Honesty is the best policy, even in politics.

I agree with nearly all of this. I believe that interest rates on our loans can only be negotiated when the Greek problem is revisited and when we get our budget deficit down towards 3%. The European Financial Stability Facility borrowed €5 billion at 2.89% this week to sell to Ireland 5.8% by end of March. So there is clearly room to negotiate. However, these are borrowings and merely underline our overspending. So, with that qualification or caveat, I agree with the sentiments of Stephen Collins below. And – Yes – I am canvassing for votes.

Focus must be on what Opposition parties are offering

INSIDE POLITICS: The Opposition parties should not delude the electorate into believing there is an easy way out of the current mess
IT IS time for the political parties, the voters and the media to get real about the choices facing the country in this election campaign. Our survival as a prosperous, tolerant, democratic state depends on it.
Nothing illustrates the flight from reality more than the general reaction to the candidature in Louth of Sinn Féin president Gerry Adams. A political system and a media that went into orbit over Taoiseach Brian Cowen having a game of golf with a disgraced banker in 2008 has had very little to say about the record of the Sinn Féin leader.

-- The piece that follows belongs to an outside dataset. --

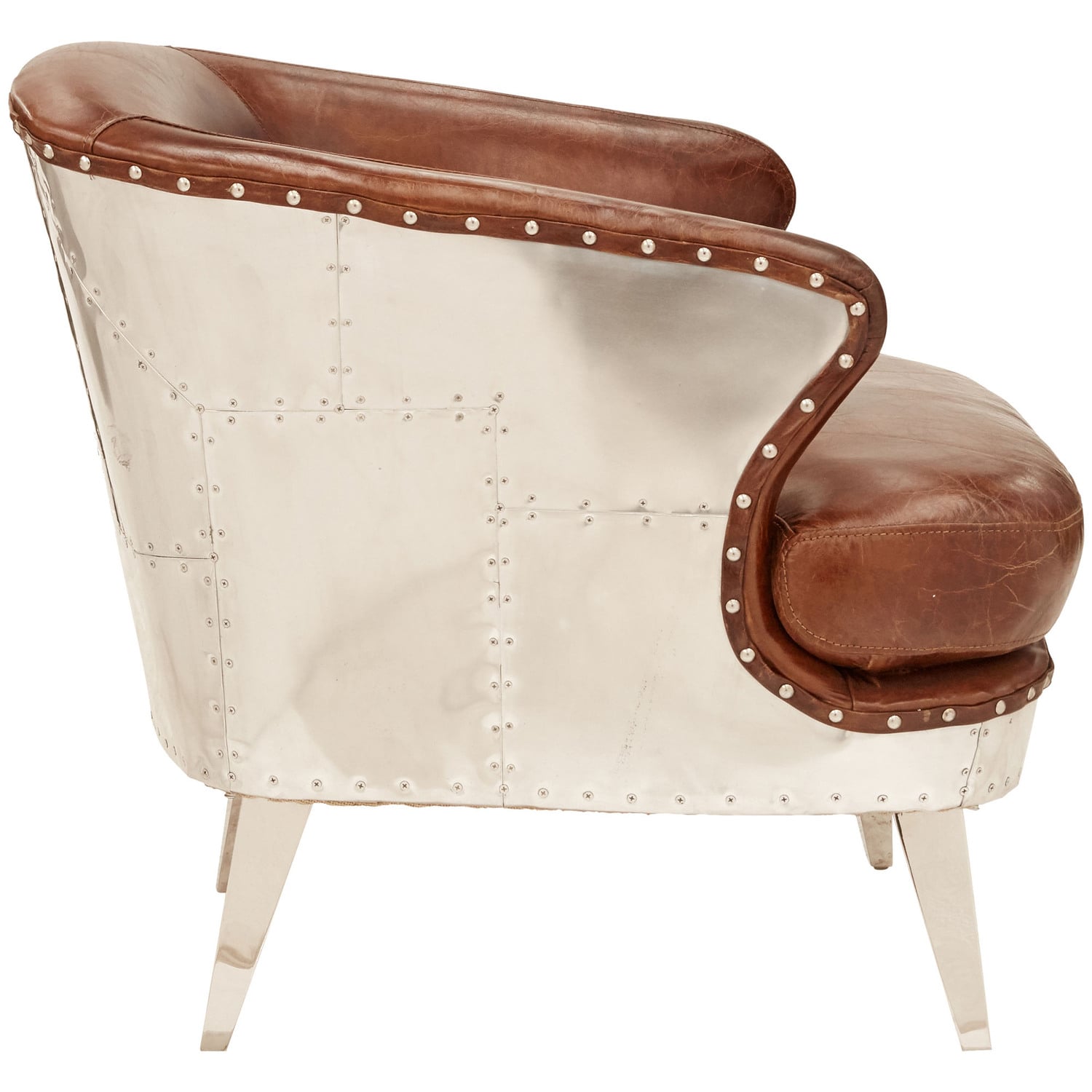 Akira Upholstered Armchair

Yet it is no secret that Adams is seeking election in a constituency where the bodies of people murdered by the republican movement while he was on the IRA army council were secretly buried.

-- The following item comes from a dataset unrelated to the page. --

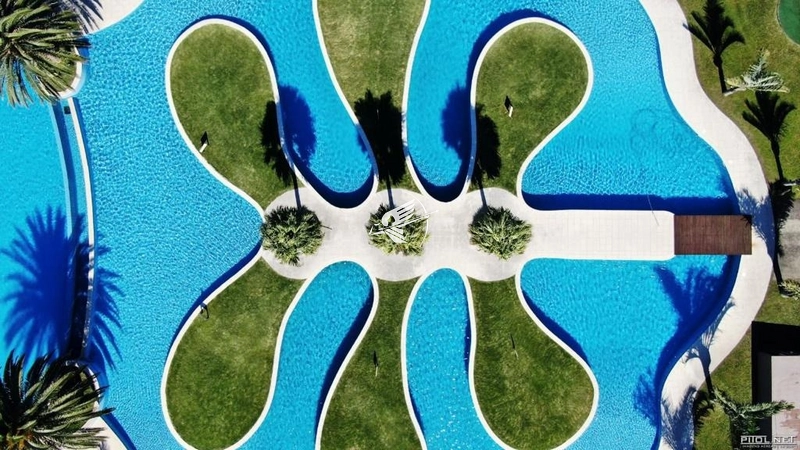 Terreno á venda no Condomínio Dubai: 4ª foto da galeria de imagens do imóvel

The daughter of Jean McConville, one of the most heart-rending victims of the Provisional IRA, has drawn attention to her mother’s fate and may even go to Louth to do so again during the election campaign.
Yet it seems the media regards the responsibility of the republican leadership for the IRA’s pitiless campaign to be far less worthy of scrutiny or censure than the behaviour of Fianna Fáil politicians who made such a hames of the economy.

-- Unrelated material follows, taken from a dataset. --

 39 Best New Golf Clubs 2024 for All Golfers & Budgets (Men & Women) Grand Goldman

It is only right and proper that Fianna Fáil should be held to account for its stewardship since 1997. But it would not go amiss if republicans were held to account for their past sins and asked to say sorry to the victims of their misguided and utterly unjustified campaign of terror – in the same way as Cowen and his successor as Fianna Fáil leader, Micheál Martin, have been pressed to say sorry for their mistakes.
It is also time for a bit more honesty from all the parties on the big issues that will be at the forefront of voters’ minds on election day.
Fine Gael and Labour are encouraging people to believe that they can renegotiate the EU-IMF bailout if and when they take power.
Sinn Féin and various parties and individuals on the far left and right are advocating the notion that we shouldn’t take the money at all, or if we do we shouldn’t pay it back – the banks should be allowed to collapse and all will be well.
A dose of reality has been injected into the debate by Lorenzo Bini Smaghi, a board member of the European Central Bank, who has given short shrift to the argument that the bailout terms can be renegotiated in any significant way by Ireland alone.
In an interview with Irish Times European Correspondent Arthur Beesley two weeks ago and again on Prime Time he spelled out the brutal reality to the incoming government and it is about time that they started to believe it.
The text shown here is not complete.